It’s Friday the 13th at Wrongbar, and Slim Twig is all dressed up with nowhere to rock: jet-black pompadour in full flight, a tight black suit that’s practically painted onto his slender frame… and an electric guitar that’s on the fritz. As the technical delay starts to eat up precious minutes of his set time at the Wavelength 450 festival, Slim tosses the six-string aside and tells the crowd, “I’m pretty shit at guitar anyway.”

It’s a moment that perfectly captures the curious and contradictory nature of Slim Twig, a man who believes in certain old-school rock ’n’ roll values like persona, showmanship and mystique, but has little interest in the music’s most commonly used instrument.

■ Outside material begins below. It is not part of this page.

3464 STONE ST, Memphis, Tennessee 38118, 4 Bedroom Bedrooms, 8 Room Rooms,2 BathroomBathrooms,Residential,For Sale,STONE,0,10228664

For Slim, the guitar is not a tool of liberation, but confinement — one that physically restricts his performance and, more importantly, threatens to shackle him to 40 years of blues-rock cliché. It’s no coincidence that Slim’s Wrongbar performance only really comes alive once the guitar is cast aside, allowing him to slip into possessed-preacherman mode; his body convulsing along with his echo-drenched shrieks while his three-piece backing band — keyboardist Siena DeCampo, cellist Tilman Lewis and drummer/guitarist Jesse Laderoute — lay down the creepy funeral-parlour funk.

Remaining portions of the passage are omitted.